Question

\({\bf{1 - 40}}\)- Evaluate the integral.

\(\int_0^{\frac{\pi }{6}} t \sin 2tdt\)

Short answer

\(\int_0^{\frac{\pi }{6}} t \sin 2tdt = \frac{{3\sqrt 3 - \pi }}{{24}}\)

Step-by-step solution

Definition

Integrationis a method of adding or summing up the parts to find the whole.

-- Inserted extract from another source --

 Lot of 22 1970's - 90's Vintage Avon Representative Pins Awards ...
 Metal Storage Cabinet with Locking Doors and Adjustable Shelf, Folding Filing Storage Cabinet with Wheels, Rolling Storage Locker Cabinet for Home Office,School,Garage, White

It is a reverse process of differentiation.

Evaluate integral

Consider the definite integral\(\int_0^{\frac{\pi }{6}} t \sin 2tdt\)

Using integration by parts\(\int v dv = uv - \int v du\,\, - - - - (1)\)

\(\int_0^{\frac{\pi }{6}} t \sin 2tdt = \left( { - \frac{1}{2}t\cos 2t - \int - \frac{1}{2}\cos 2tdt} \right)_0^{\frac{\pi }{6}}\)

Applying limits

Applying lower & upper limit we have:

\(\begin{aligned}{c}\left( { - \frac{1}{2}t\cos 2t + \frac{1}{4}\sin 2t} \right)_0^{\frac{\pi }{6}} &= \left( { - \frac{1}{2}\left( {\frac{\pi }{6}} \right)\left( {\cos \left( {\frac{\pi }{3}} \right)} \right) + \frac{1}{4}\left( {\sin \frac{\pi }{3}} \right) - \left( { - \frac{1}{2}(0)\cos 0 + \frac{1}{4}\sin 0} \right)} \right)\\ &= - \frac{\pi }{{12}}\left( {\frac{1}{2}} \right) + \frac{1}{4}\left( {\frac{{\sqrt 3 }}{2}} \right) + 0 - \frac{1}{4}(0)\\ = \frac{{ - \pi }}{{24}} + \frac{{\sqrt 3 }}{8}\\ &= \frac{{3\sqrt 3 - \pi }}{{24}}\end{aligned}\)

Therefore, the value of the given integral is\(\frac{{3\sqrt 3 - \pi }}{{24}}\).